Chamemos-lhe Amina, nome fictício. Amina está casada com um português, vive em Portugal há mais de 9 anos, e fala fluentemente a nossa língua. Amina trabalha no nosso país, é sócia de dois estabelecimentos comerciais e está a tirar a carta de condução. Amina tem filhos que nasceram em Portugal e são portugueses, que estudam em escolas portuguesas, e que praticam desporto em clubes portugueses, dos quais Amina é sócia.
Mas nada disso foi suficiente para que o tribunal considerasse provada uma "ligação efectiva à comunidade nacional". Por isso recusou atribuir-lhe a naturalidade portuguesa, como era seu desejo. Na decisão, o tribunal considerou mais importante para avaliar a integração de Amina na comunidade portuguesa o desconhecimento do hino nacional, de acontecimentos e personagens da história de Portugal, e da actualidade nacional considerados relevantes.
Este absurdo critério de nacionalidade, certamente, satisfará os militantes neo-nazis do PNR, que se manifestaram no dia 10 de Junho para exigir a expulsão de Deco da selecção.
Mas sejamos claros: o Tribunal da Relação não fez a lei que aplicou. A recusa na atribuição da nacionalidade a Amina só foi possível porque a lei em vigor não define o que é isso da "ligação efectiva à comunidade local".
A ironia é que todos nós já assistimos a dezenas e dezenas de reportagens televisivas, nas quais a maioria dos portugueses inquiridos não passariam neste meticuloso teste da nacionalidade levado a cabo pelo Tribunal da Relação de Lisboa. Actualidade nacional. Qual é o nome do actual Ministro do Ambiente? História e identidade nacional. Quantos cantos tem os Lusíadas? Símbolos nacionais. A estrofe do hino diz "a voz dos teus egrégios avós, que há-de guiar-te" ou "que hão-de guiar-te?"
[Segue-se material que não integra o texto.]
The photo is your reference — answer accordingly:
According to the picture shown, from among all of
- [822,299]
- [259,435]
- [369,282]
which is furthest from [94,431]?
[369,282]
Para o que conta, para o que é responsabilidade desta Câmara, do Governo, a recusa da nacionalidade a quem vive, trabalha, casa, tem filhos aqui, esta decisão absurda, foi possível porque a legislação permite um poder discricionário que legitima a injustiça.
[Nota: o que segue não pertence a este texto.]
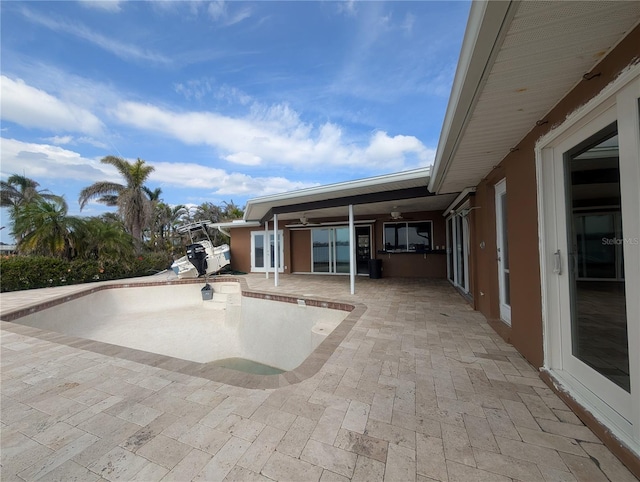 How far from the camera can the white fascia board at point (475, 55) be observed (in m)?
1.14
Este caso é o sinal de alarme para que o Governo entenda que na lei da nacionalidade tem que regulamentar a arbitrariedade, estabelecendo requisitos mais facilmente verificáveis: tempo de residência no país, ou o casamento com cidadãos nacionais.
Mas nos últimos dias não são só os critérios de nacionalidade que estão em debate no espaço público. Depois de meses de aparente impasse, o Governo apresentou o ante-projecto da Lei da Imigração. O ministro António Costa aqui esteve, ontem, na Assembleia da República, e solicitou aos partidos da oposição os seus contributos para a discussão pública.
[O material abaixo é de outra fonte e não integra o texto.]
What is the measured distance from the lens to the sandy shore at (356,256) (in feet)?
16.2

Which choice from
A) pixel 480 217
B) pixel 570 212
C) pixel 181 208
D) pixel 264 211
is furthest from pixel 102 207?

Dissemo-lo ontem, repetimo-lo hoje: pela parte do Bloco de Esquerda estamos preparados.
E estamos preparados apresentando alternativas à actual legislação que já deu provas do seu clamoroso falhanço quer no combate à imigração ilegal, quer da sua ineficácia na integração das comunidades migrantes.
Infelizmente, a proposta do governo é uma oportunidade perdida, uma desilusão para as expectativas criadas. Fala por si, sem precisar de sub-texto do Ministro: faltou coragem ao Governo do PS.
O Ministro bem procura ensaiar um discurso mais arejado do que o da anterior maioria PSD-PP, mas o ante-projecto mostra que se vergou às ideias dos sectores mais conservadores da direita.
Entendamo-nos: a lei da anterior maioria PSD/CDS-PP era um dispositivo de fabricação de imigrantes ilegais. Criando todo o tipo de obstáculos à entrada legal ou à legalização, foi sempre um instrumento de retórica conservadora e negação de oportunidades e direitos a todos os que abandonam as suas terras e as suas casas para lutar por uma vida melhor. Foi sempre um convite ao florescimento das redes que controlam o mercado de mão de obra ilegal.
Não é uma caracterização forçada - convém lembrar que, no único ano em que se tentou aplicar este sistema, para uma quota prevista de 8500 imigrantes apenas se legalizaram 899.
Ora, partindo da crítica à lei do anterior executivo, o actual governo mantém a lógica e a política das quotas de imigração. Já não se chamam quotas, e já não são por sectores. São a mesma coisa, mas tem agora o nome de contingente global de oportunidades de emprego.
Com esta proposta do governo mantém a mesma restrição à imigração legal. Por isso, o resultado dificilmente será diferente - teremos a manutenção da lógica de fabricação de imigrantes ilegais.
Para ter um visto para poder trabalhar no nosso país, os cidadãos estrangeiros têm que apresentar uma declaração individualizada da entidade patronal portuguesa manifestando interesse em contratá-los.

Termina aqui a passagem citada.